This report is being published separately from the annual report of the Board of Directors.

Governing bodies

The authority and governance of the Company are divided among the annual general meeting, the Board of Directors, and the President and CEO. The President and CEO implements the operative business with the assistance of the Corporate Management Group. Internal audit subordinate to the Board of Directors is responsible for internal auditing and auditors are responsible for external auditing.

Management

The general meeting

The general meeting of the shareholders is SATO’s supreme decision-making body. The annual general meeting is to be held once a year within six months of the end of the financial year. An extraordinary general meeting is held when it is necessary according to the consideration of the Board of Directors or the Finnish Limited Liability Companies Act.

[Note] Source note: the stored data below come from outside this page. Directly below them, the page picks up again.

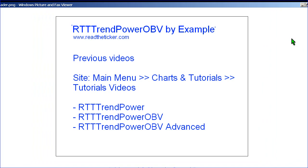Welcome to RegisZicker.com. Today we are going to get into some examples of the RTT Trampower OBV. Here is a reference of previous videos via the website.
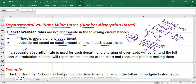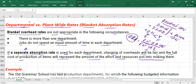You should remember: if your product passes through different departments and needs different time in each department, using a separate absorption rate — a departmental rate — for each department means charging overhead will be fair. The full cost of production of an item will represent the amount of effort and resources put into making it.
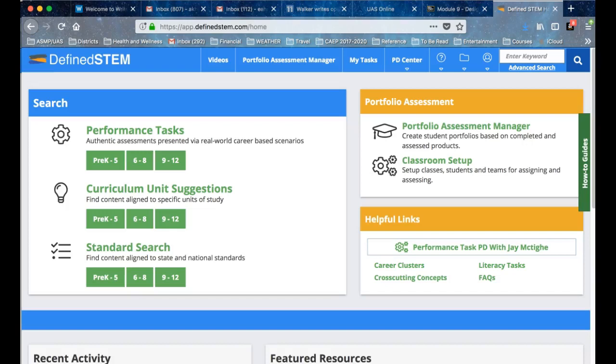Greetings assessors. After you've logged in to the DefinedSTEM website, you'll see three levels of exploration that you can take.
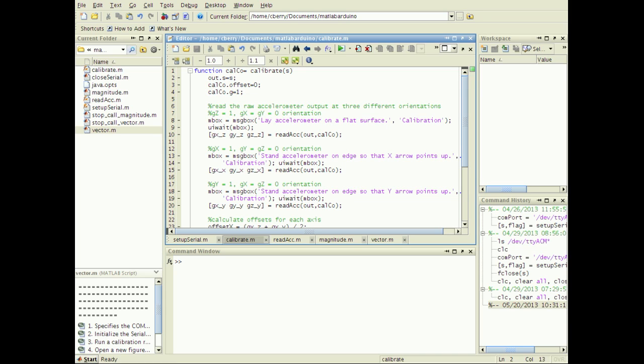The second reason is because the Arduino converts the analog accelerometer voltages to unitless integer values between 0 and 1023. It would be more meaningful to know the acceleration in units of 1g, where 1g is 9.8 meters per second squared.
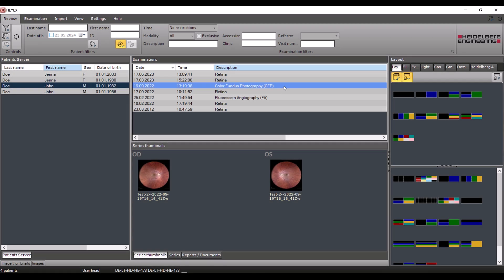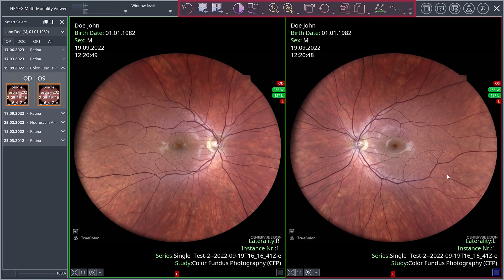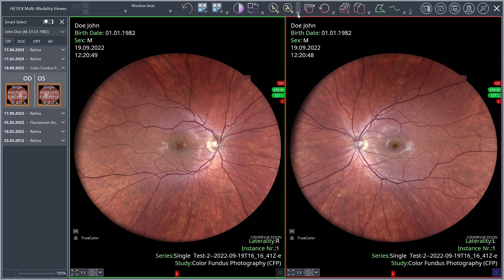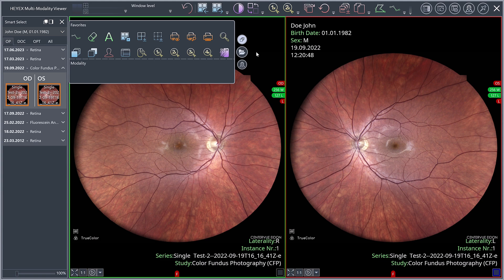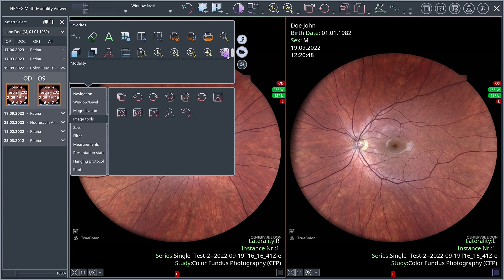This chapter provides an overview of some of the useful tools available in the Multi-Modality Viewer. As an example, we will open two fundus images in a layout with two viewports. In the ribbon bar, you can find the tools divided into categories. Click on the small triangle on the right-hand side of each category to display additional tools. You can also access the tools via the context menu that appears when right clicking in any viewport. Click Show All Functions to list all tool categories. You can use the drag and drop function to add your favourites in the context menu.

The annual general meeting decides on the matters due to it under the Finnish Limited Liability Companies Act and the articles of association. These include the adoption of the Company’s financial statements and consolidated financial statements, the use of profit indicated on the balance sheet, discharging the members of the Board of Directors and the President and CEO from liability, electing the members and Chair of the Board of Directors and an auditor, and determining the remuneration to be payable to them. The meeting may also handle other matters to be dealt with at a general meeting in accordance with the Finnish Limited Liability Companies Act, such as share issues, acquisition of the Company’s own shares and amendments to the articles of association. The meeting also deals with matters which a shareholder has requested to be dealt with at a general meeting in accordance with the Finnish Limited Liability Companies Act.

SATO has a single series of shares. Each share confers entitlement to one vote at a general meeting. Entitlement to attend the general meeting is held by a shareholder who has been entered in the register of shareholders maintained by Euroclear Finland eight working days before the general meeting. The Finnish Limited Liability Companies Act also contains regulations concerning nominee-registered shareholders.

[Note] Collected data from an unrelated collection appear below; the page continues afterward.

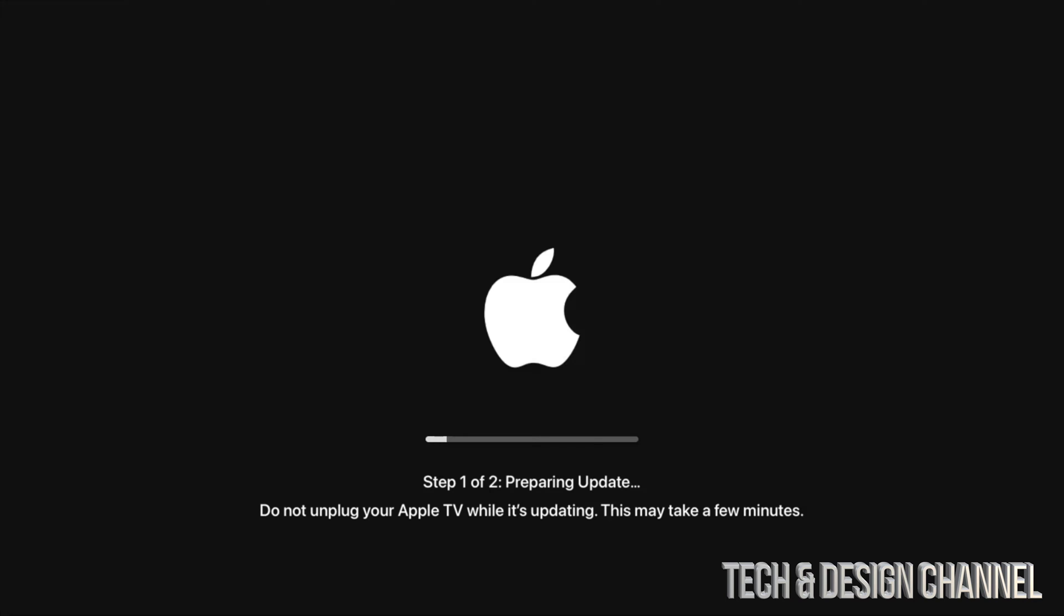If you have an Apple TV HD versus an Apple TV 4K, the update will be a little bit different. Other than that, all we have to do is just wait. Make sure not to disconnect it or do anything with it, just let it run.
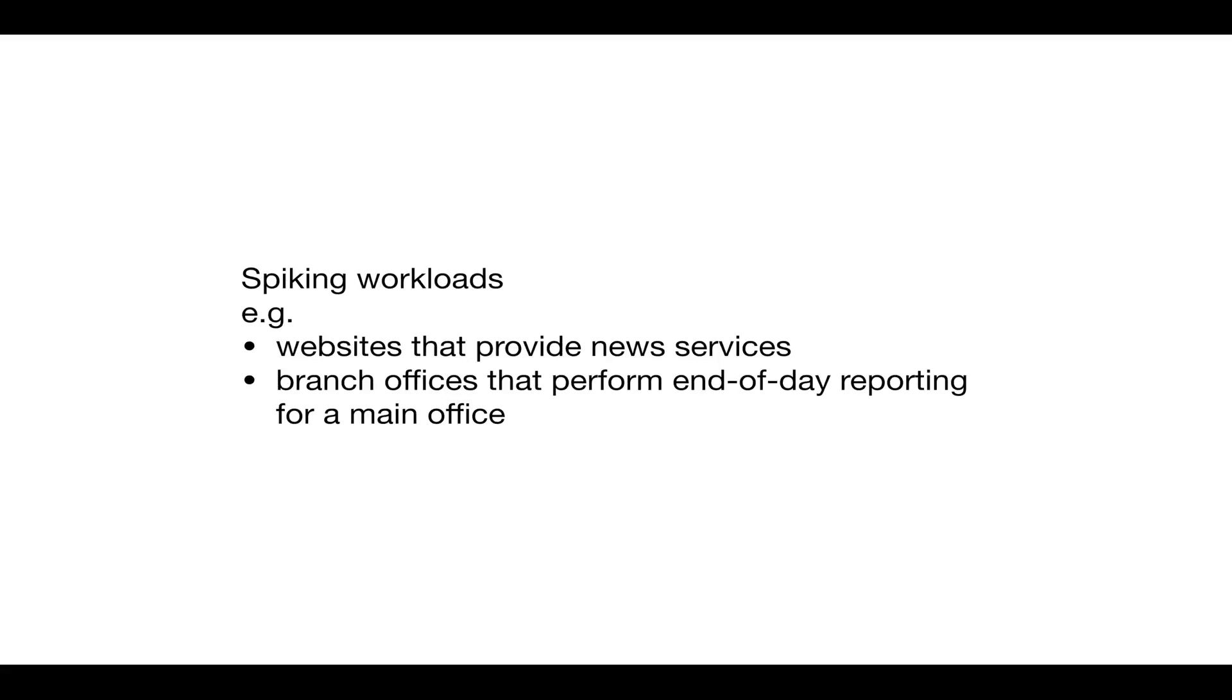A third category is known as spiking workloads, such as those experienced by websites that provide new services or by branch offices that perform end-of-day reporting for a main office.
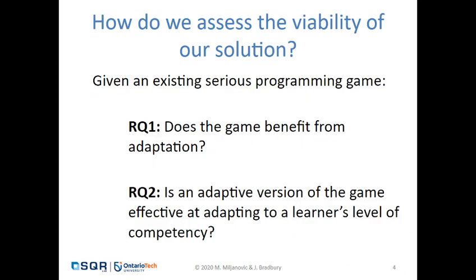To assess the viability of our solution in an existing programming game, we need to ask two questions. First, does the game itself benefit from any kind of adaptation? And second, is an adaptive version of that game effective at adapting to a learner's level of competency?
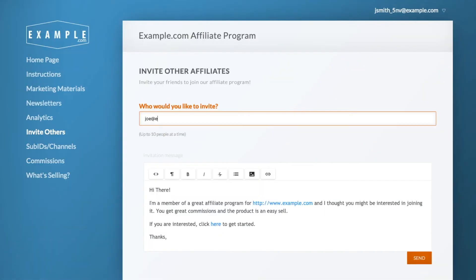It's easy for affiliates to recruit other affiliates to join your program. Lead Dyno supports multi-level marketing up to 10 tiers. If you choose to reward affiliates for recruiting other affiliates, we provide an invite URL that will properly link the new affiliate to the existing affiliate.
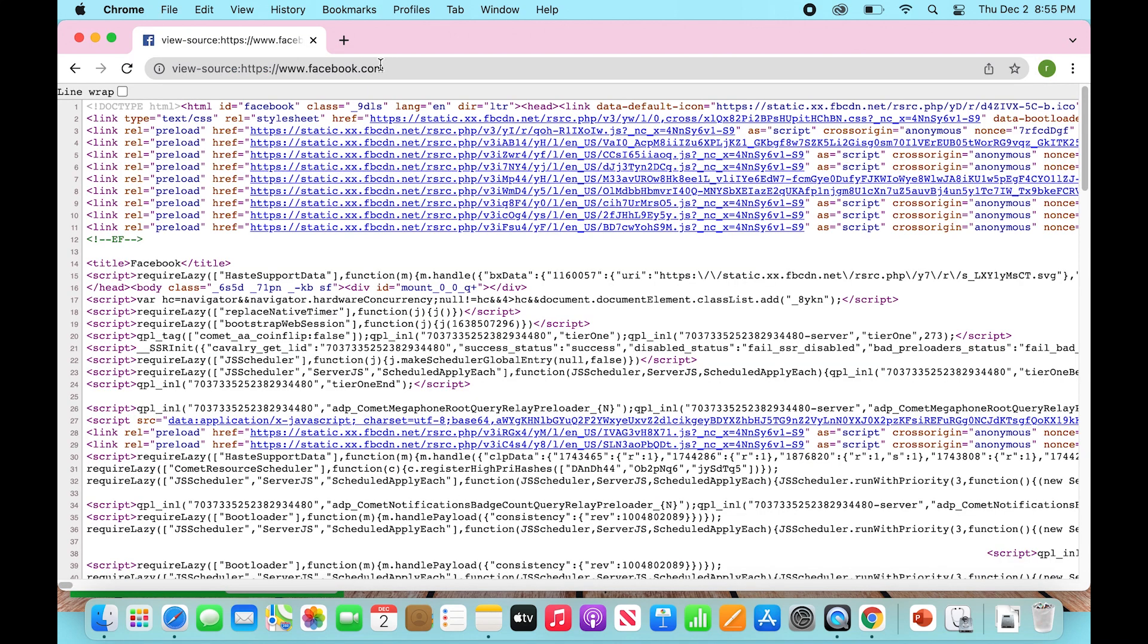Now we're going to give that a second to load and then you see all of this code. This can be a little overwhelming at first, but don't worry, we're not going to get into this too much.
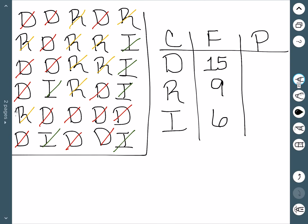Now we have to deal with percents. Since we have a total of 30 people here, we just need to divide each of these numbers by 30. So 15 divided by 30 would give us 50%, 9 divided by 30 would give us 30%, and then 6 divided by 30 would give us 20%.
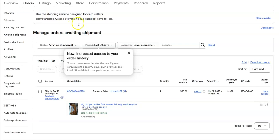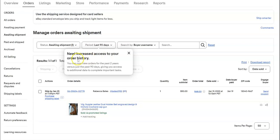Hey everyone, I'm logged into my Seller Central on my eBay account and I want to draw your attention to this pop-up that just came up. It says 'New increased access to your order history.'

In order to ensure the dialogue between shareholders and Company bodies and to fulfil shareholders' entitlement to ask questions, the President and CEO, Chair of the Board of Directors and the Board members must attend the general meeting. Persons proposed as Board members must be present at a general meeting deciding on their election.

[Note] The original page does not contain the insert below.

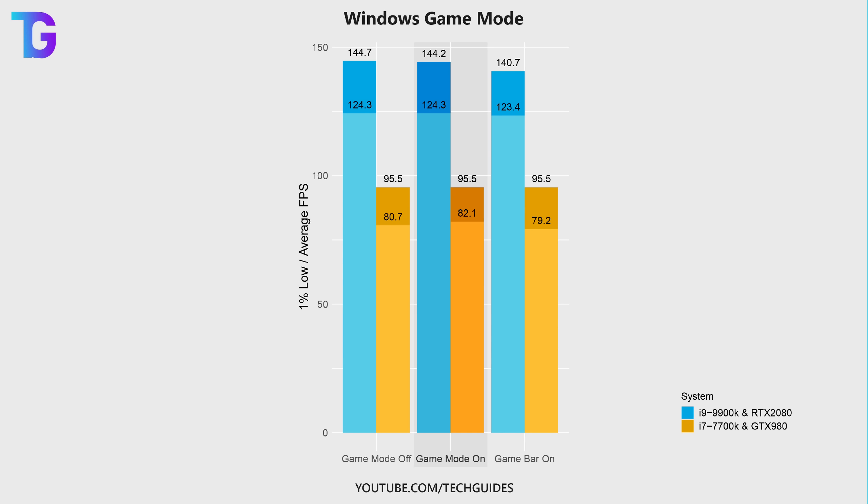So don't fret. Enabling or disabling game mode has absolutely no effect on your game's performance.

The Company’s annual general meeting was held on 8 March 2017. A total of 18 shareholders attended the meeting, representing 96.95% of the Company’s shares and votes. The minutes of the annual general meeting can be found on the Company’s website.

Shareholders' Nomination Committee

On 3 March 2015, the annual general meeting decided to establish a shareholders' Nomination Committee and approved its rules of procedure. The Committee's task is to prepare proposals concerning the Board's composition and the remuneration of its members to the annual general meeting. The committee’s rules of procedure can be found on the Company’s website

The Committee's term of office begins in October each year, when the largest shareholders have nominated their representatives, and ends at the closing of the next annual general meeting. A shareholder shall name as a member of the Committee a person independent of the Company.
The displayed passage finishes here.